══ Source data

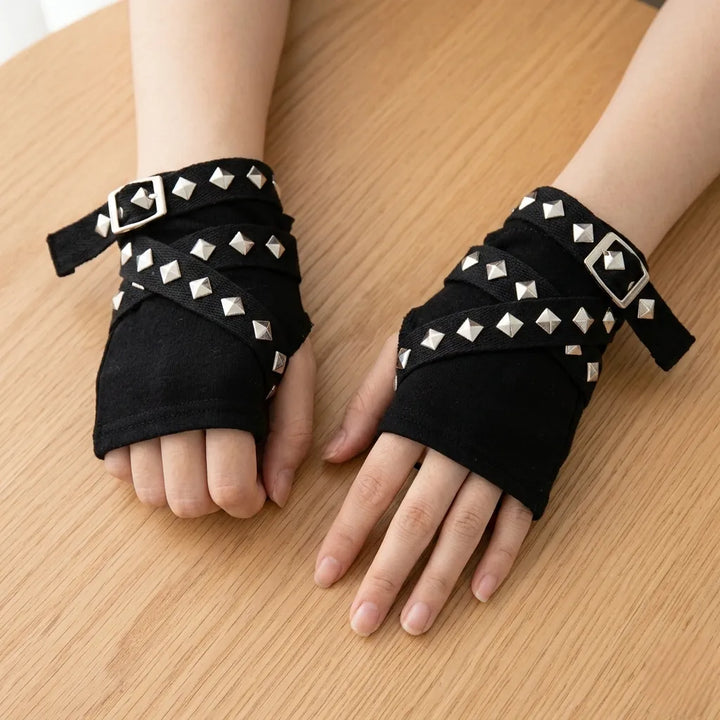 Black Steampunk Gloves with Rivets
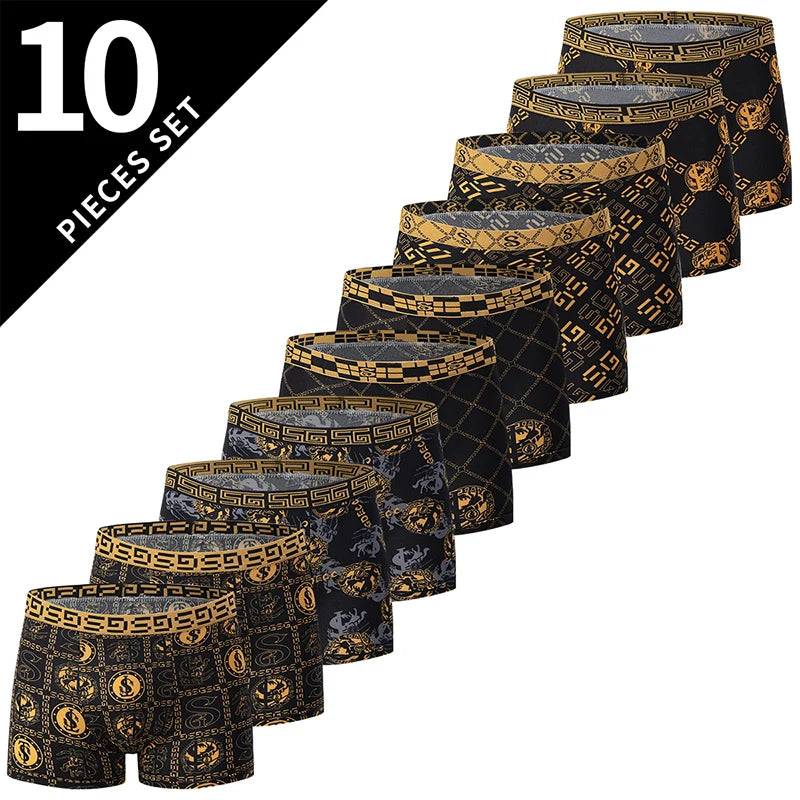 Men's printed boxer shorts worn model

════
══ Source data

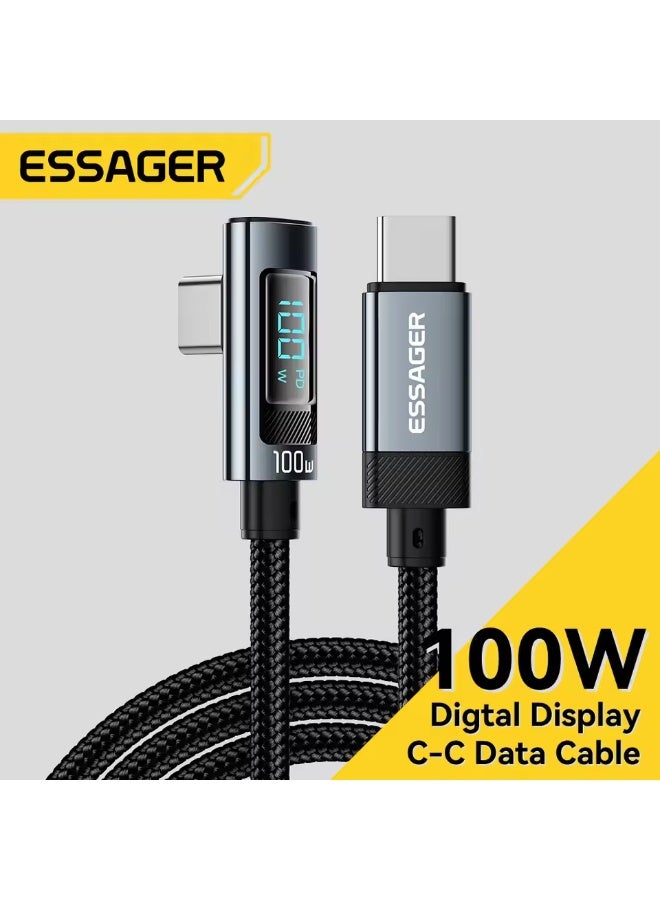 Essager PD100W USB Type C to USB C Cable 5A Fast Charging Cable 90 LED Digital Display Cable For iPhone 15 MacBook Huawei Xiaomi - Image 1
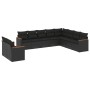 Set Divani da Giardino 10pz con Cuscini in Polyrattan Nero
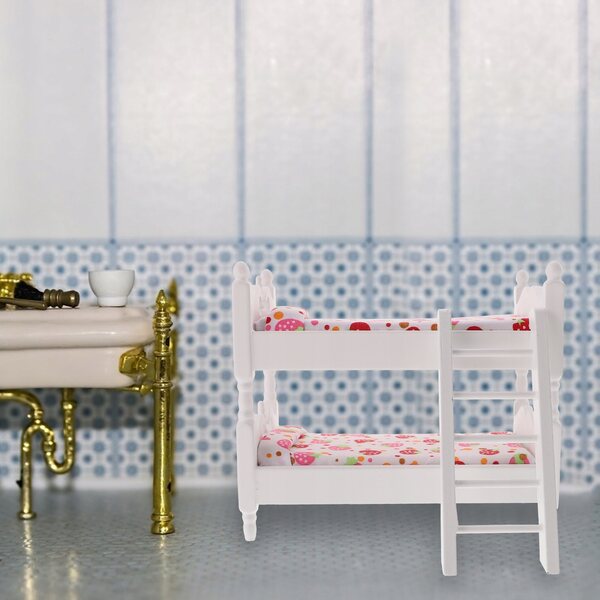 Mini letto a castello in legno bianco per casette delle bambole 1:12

════

● **Exercise brief**:
Return exactly the stretch above whose first line contains "Black Steampunk Gloves with Rivets" and whose last line contains "Men's printed boxer shorts worn model", and nothing outside it. The pictures should not appear.

● **Final answer**:
 Black Steampunk Gloves with Rivets
 Men's printed boxer shorts worn model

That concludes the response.